Saturday 15 April 2017

Back in Birmingham II

   Domesticity dominated the second half of our day in Birmingham.
   Just down the road from the Barber is Winterbourne House, also owned by the University.  This as an Arts and Crafts House dating from 1903 built by the local architect Joseph Lancaster Ball (1852-1929) for the Nettlefold family - Birmingham manufacturers and Unitarians. It too is very good.  Bequeathed to the University in 1944 the garden which is vast, with formal and informal sections, subsequently became the University Botanic Garden, and the house a museum and conference venue. In the outbuildings are a gallery, second hand bookshop and press.  The garden shelter looks as though it was influenced by the Elizabethan bell cage at East Bergholt. A gate in the garden fence lead to a most miraculous place: a great lake with views across to Edgbaston Golf Club. Lucky golfers. Hard to image we were in the midst of the vast West Midlands conurbation.






















   Mid afternoon and we were on Hurst St heading for the Gay Village when we suddenly came across a group of Georgian Houses, their good proportions deeply striking in what is, it has to be said, a street of very vulgar buildings.  It took us a few seconds to work out that this was the 'Back-to-Backs' owned by the National Trust.  Back-to-Back housing was a feature of working class housing in the great cities of Industrial Revolution England.  Most now have been replaced.  While in cities such as Leeds they formed uniform terraces, in Birmingham they formed courts, with the houses divided along their spine walls to form two dwellings only one room deep looking out either inwards on to the court or outwards on to the street but sharing common sanitary provision in the court.  As now conserved the 'exterior' houses have been turned into holiday lets, while the 'interior' ones have been furnished as they would at various stages of their occupation, based on information gleaned from contemporary sources such as the Census.  Fascinating they are too.  Squalid they are not, for, though cramped and unsanitary, they were occupied by skilled artisans.  The kitchen/parlours actually had a lot of charm, far removed from the rather self-conscious life at Winterbourne.  The bedrooms at the top of the each house were, however, not places to linger.  Over time many of the houses ceased to be residential and industrial/artisanal use took over.
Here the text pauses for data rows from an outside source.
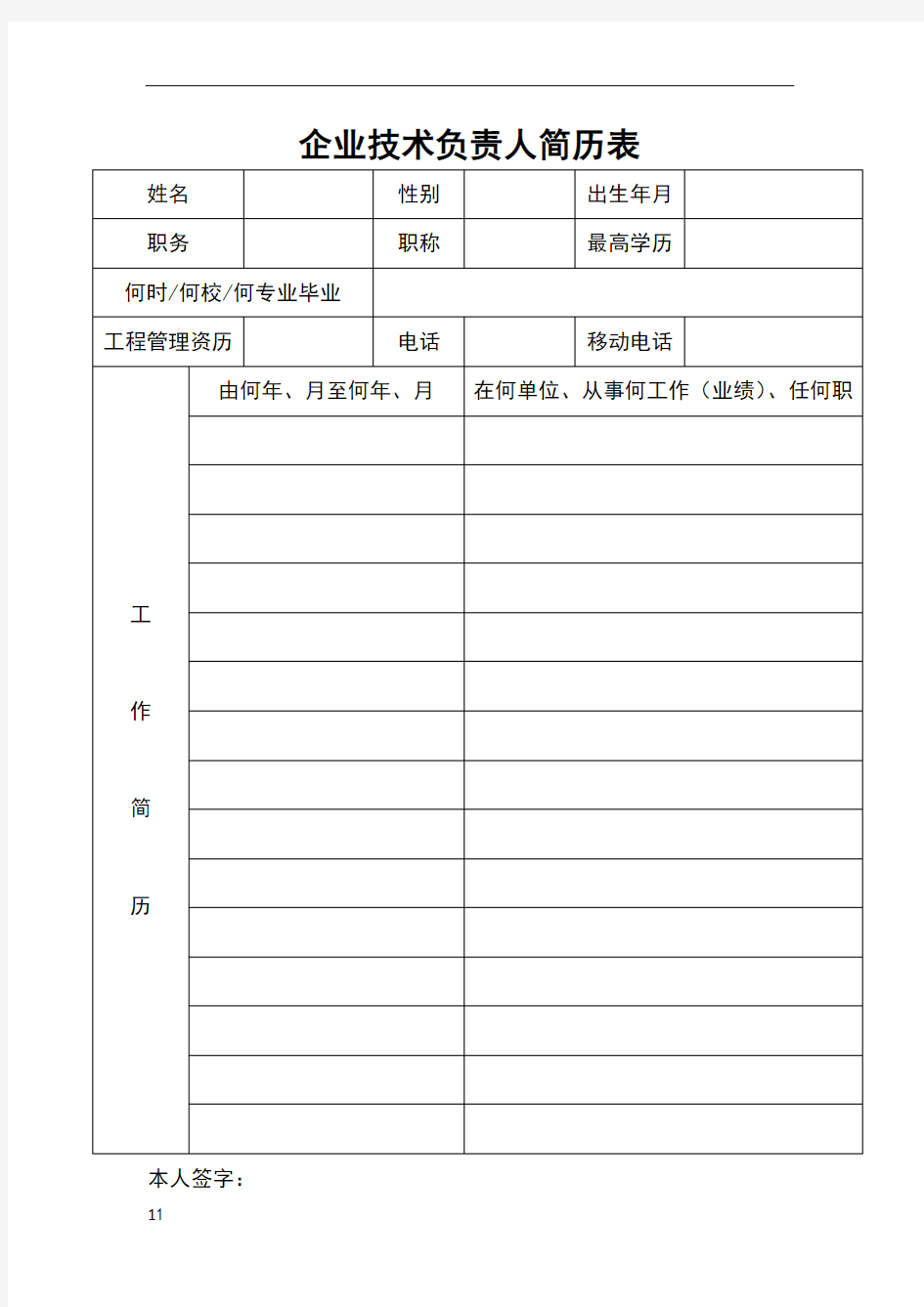 企业技术负责人简历表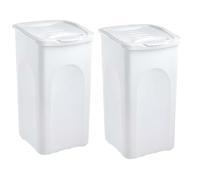 Set 2 Bidoni pattumiere per la Raccolta Differenziata 50 litri bianca Plastica Carta Vetro Indifferenziato metallo organico casa ufficio locale commerciale giardino terrazzo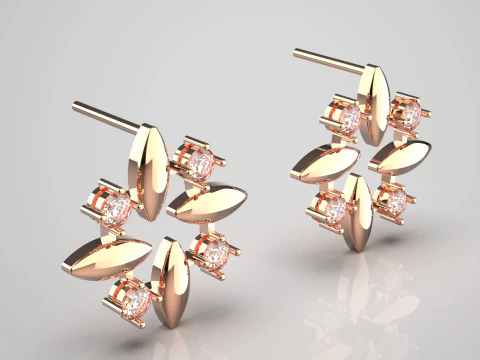 Круглые серьги-гвоздики с 3D-металлическим цветком маркизы и драгоценными камнями je0059 3D Принт Модель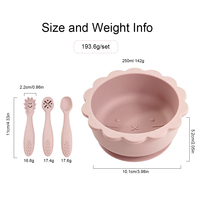 Ensemble de vaisselle pour tout-petits en silicone de qualité alimentaire, incassable, avec bol à ventouse puissante et cuillères pliables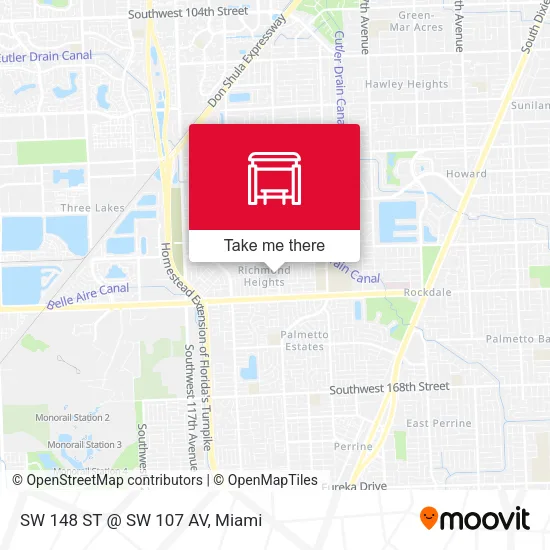 SW 148 ST @ SW 107 AV map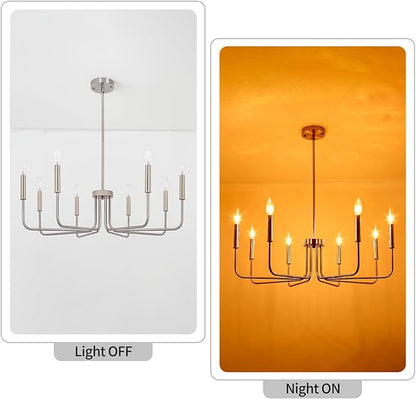 8-Light Farmhouse Chandelier for Dining Room Light Fixtures, Brushed Nickel Dining Room Light Fixture, Candle Ceiling Industrial Modern Chandelier for Living Room Kitchen Entryway Foyer Bedroom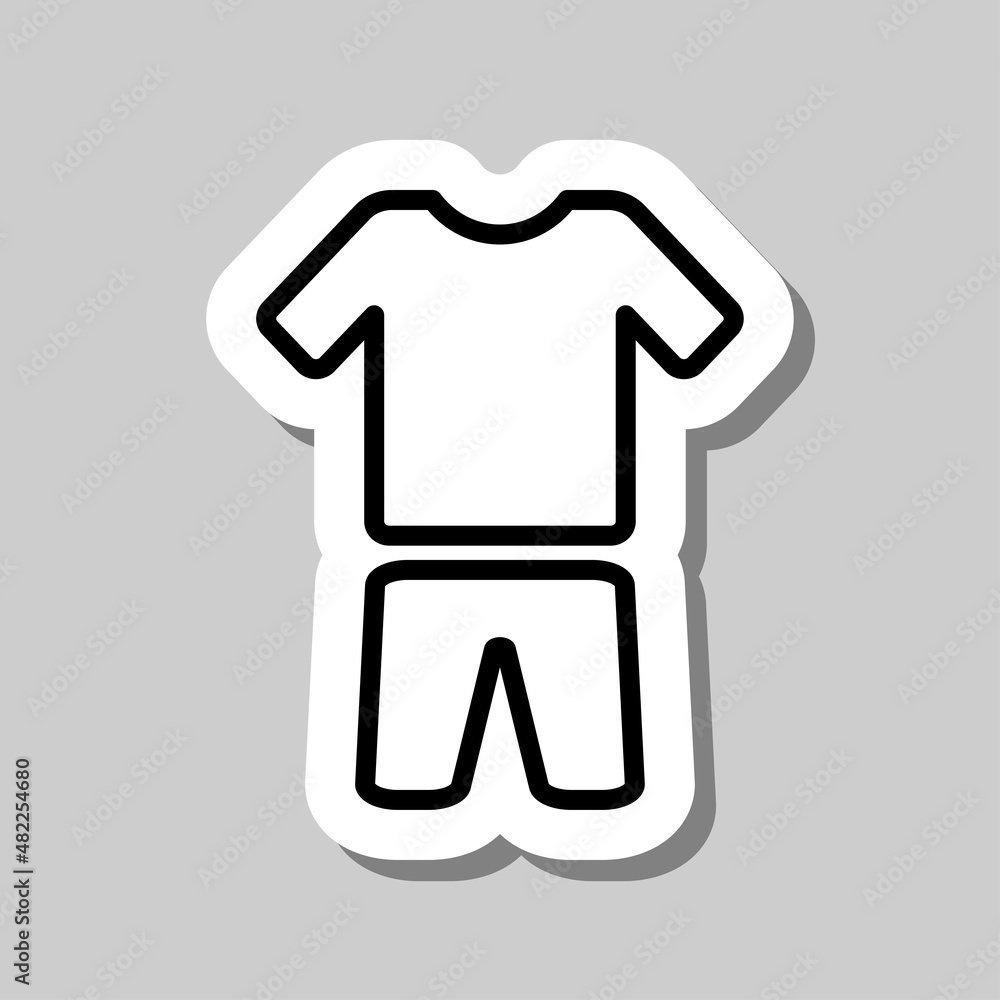 Clothes simple icon, vector. Flat desing. Sticker with shadow on gray background.ai Clothes simple icon, vector. Flat desing. Sticker with shadow on gray background.ai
One house is presented in this way; a tailor's shop that continued in use, I think, until the 1980s.  The owner had come from the West Indies in the 1950s/1960s and had established a successful business by a lot of hard and work and shear will power.  In all it was quite touching.  Guided tours only.
   The evening was spent in the Jewellry Quarter; pre-dinner drinks at the quirky 'Ana Rocha Bar and Restaurant' on Frederick St., and dinner itself at 'The Viceroy', a rather stylish Indian restaurant on Iknield St. The Murogh Chicken Livers were fabulous!